Loss of services and higher fares 'extremely likely' without further Government support for bus, report warns
Bus passengers could be dealt the double blow of fewer services and higher fares if the Government ends its Covid-related support for the bus at the end of March.
In a report for the Urban Transport Group, consultants Steer warn that bus operators are 'extremely likely' to respond to the absence of further funding by reducing service levels and increasing fares – as they have done in the past.
The Government currently helps fund buses through the Bus Recovery Grant (BRG), which was set up to support commercial bus operators in England because of the impacts on their revenue from reduced patronage as a result of the pandemic. The BRG is set to expire at the end of March 2023.
The report highlights how the Government’s own national bus strategy Bus Back Better, published in March 2021, sought to return bus passenger numbers to pre-pandemic levels before growing them further. But it warns that ceasing financial support at the end of March would be a ‘severe setback’ for those ambitions.
In the last quarter of 2022, bus patronage outside London was at around 85% of its pre-pandemic level, but there is no immediate prospect of patronage returning to 100%.
Whilst making the funding case for urban public transport, the report also explores the options for overhauling the ‘outdated system’ of local public transport funding more widely.
The report states:
‘If Government remains committed to the targets of Bus Back Better, there is an immediate need for further short-term funding to act as a bridge until more comprehensive funding reform is implemented.’

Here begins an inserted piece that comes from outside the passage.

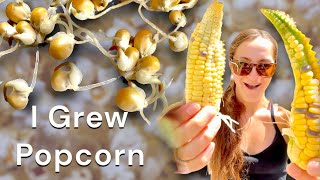 I Germinated Popcorn Kernels and Grew Corn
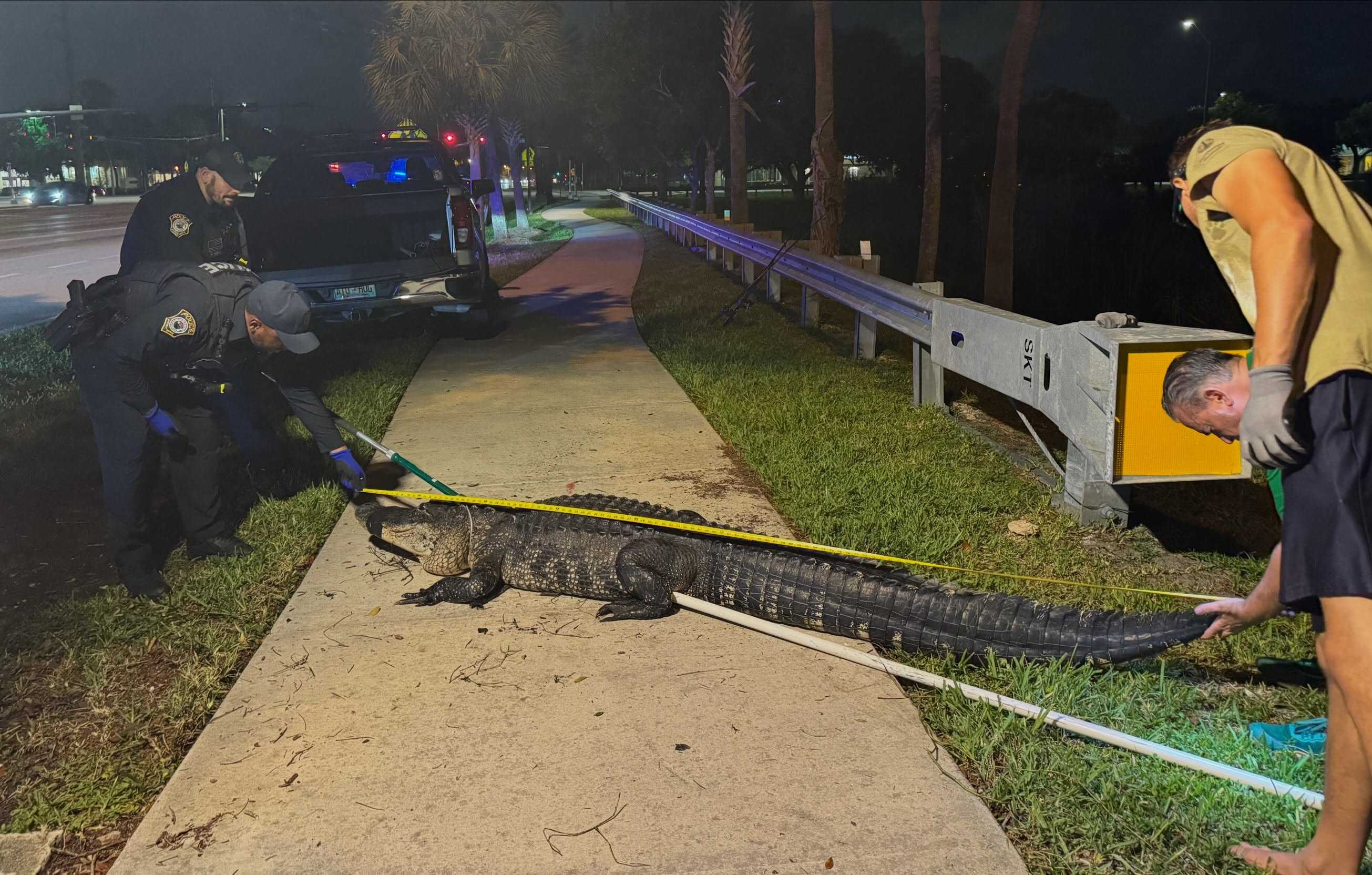 10-foot, 300-pound alligator shows up near South Florida high school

‘Devolution of multi-year revenue settlements to mayoral combined authorities would give the greatest flexibility for how funding is used to support the provision of bus services, with funding being used to shape and support a bus network that best meets the needs to each city region.’
Jonathan Bray, Director of the Urban Transport Group, said:
“The bus is the backbone of our urban public transport networks, supporting those who often have the least to get to work, school or healthcare. But as this report makes clear, Government risks further fracturing of the bus network if it stops backing the bus in March. The combination of fewer services and higher fares will do little to help hard up families struggling with the cost of living or the Government’s own aspirations around levelling up.

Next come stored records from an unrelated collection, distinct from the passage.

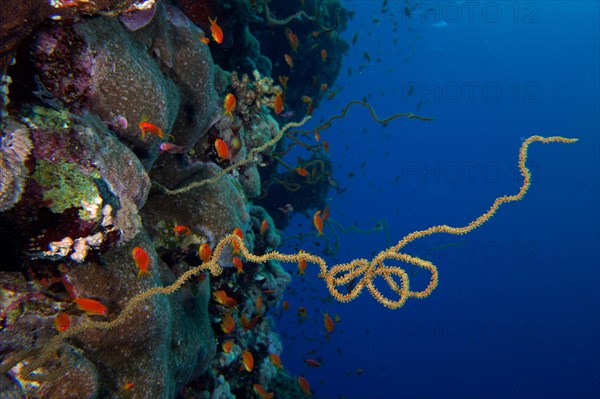 Twisted wire coral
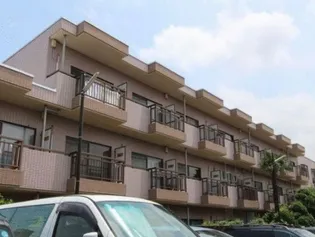 ブエナ ヴィスタの画像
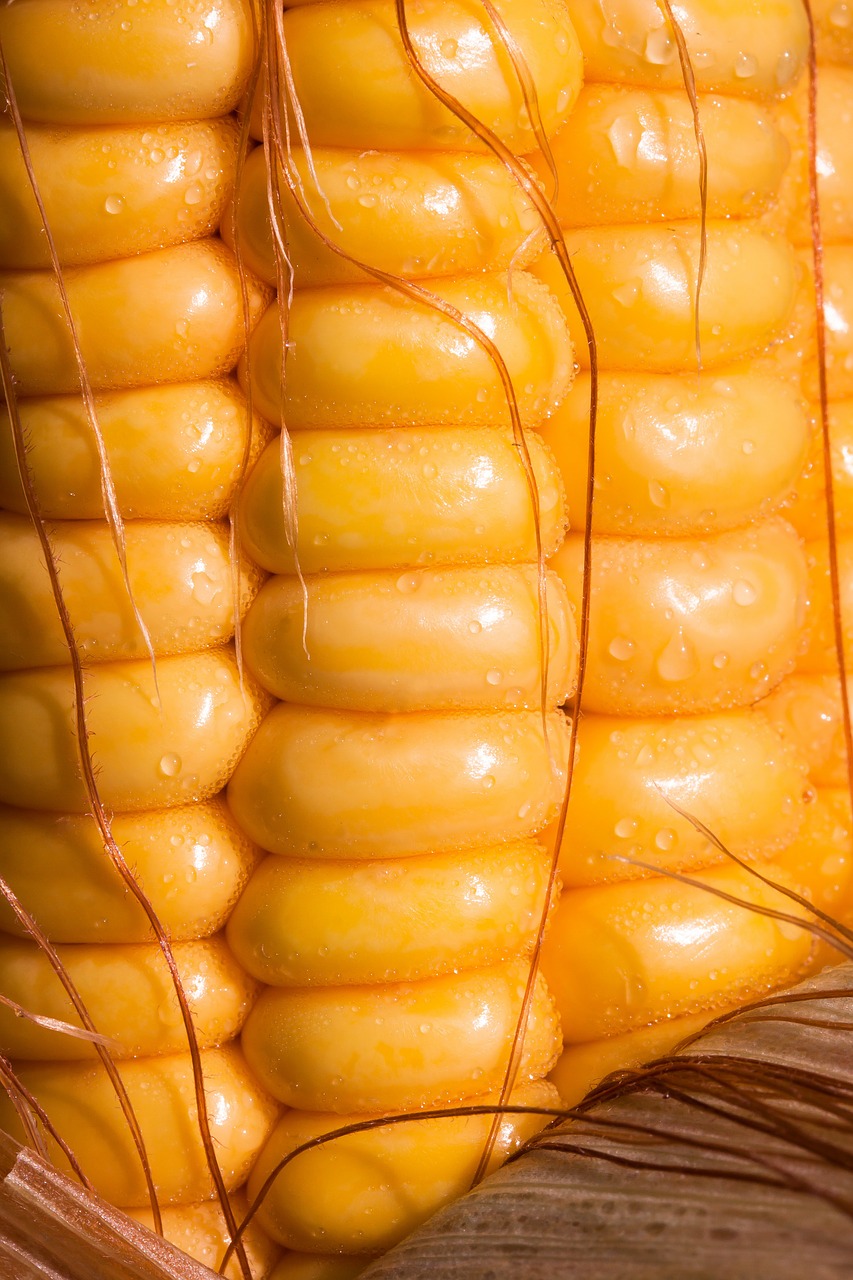 corn corn kernels corn on the cob free photo
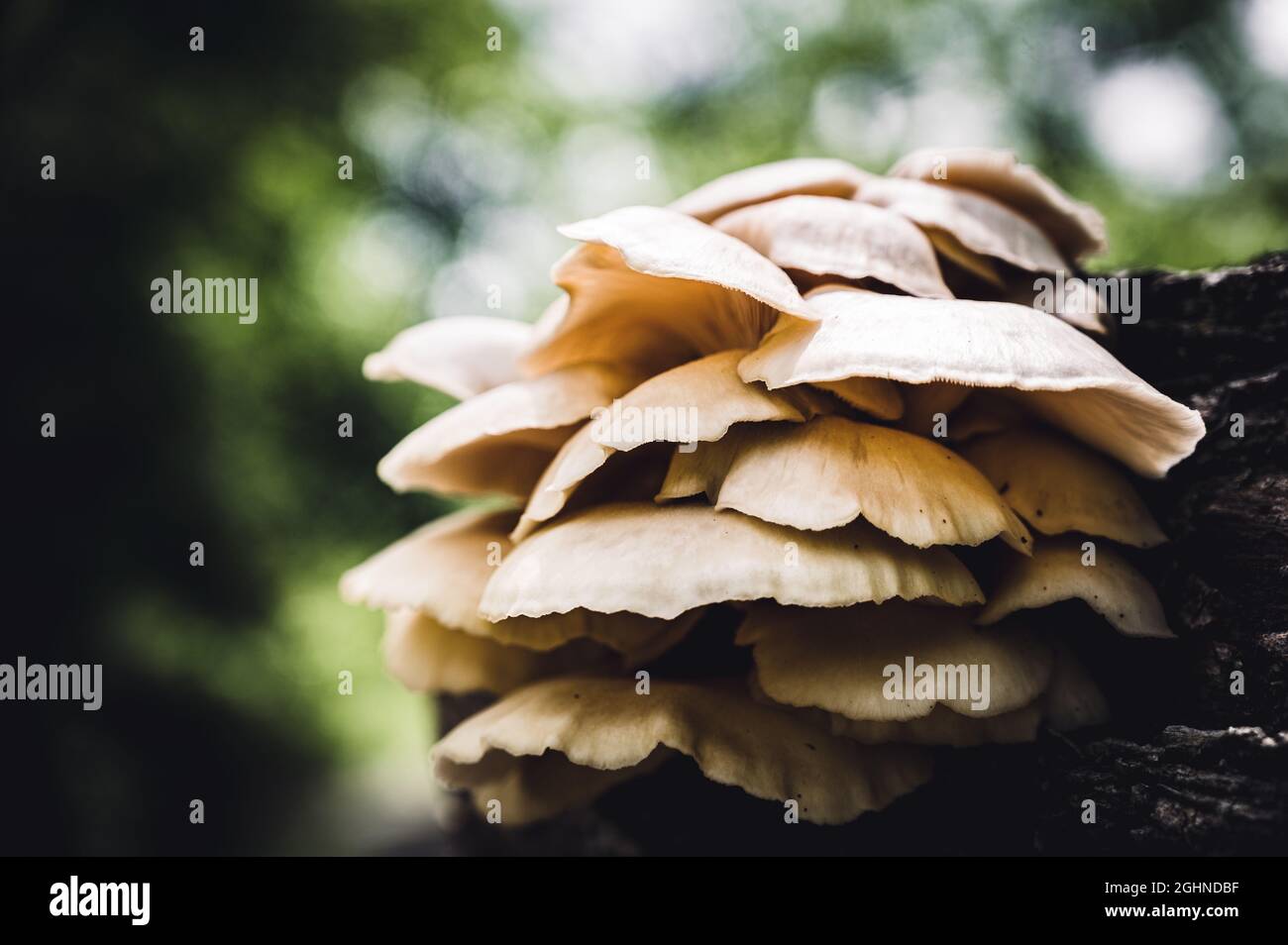 Carnivorous mushroom hires stock photography and images Alamy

“The support that the Government has provided for bus services during COVID and its aftermath has been both vital and welcome. However, we now need to move beyond short term deals, funding cliff edges and waves of service cuts to a longer term and reformed revenue settlement for bus services outside London – one which makes the most of every pound of taxpayer support whilst also being capable of supporting the aspirations that the national bus strategy has rightly set out.”
Bus operators, represented by the Confederation of Passenger Transport, suggest that the end to financial support could lead to a 10-15% reduction in bus services across England. They also said that without further funding, Government support for the bus next year would be over 20% lower (in real terms) than it was 10 years ago.
In addition to the Bus Recovery Grant, the Government also supports bus through the Bus Service Operators Grant (BSOG); the National Concessionary Travel Scheme (NCTS); and additional funding to local authorities for supported bus services.
Urban Public Transport Funding - Options for Reform
This report, produced by consultants Steer for the Urban Transport Group, explores the options for reforming local public transport funding.
The report also considers the implications of ending covid-related bus funding in April 2023, warning that bus services could be reduced and fares increased as a result.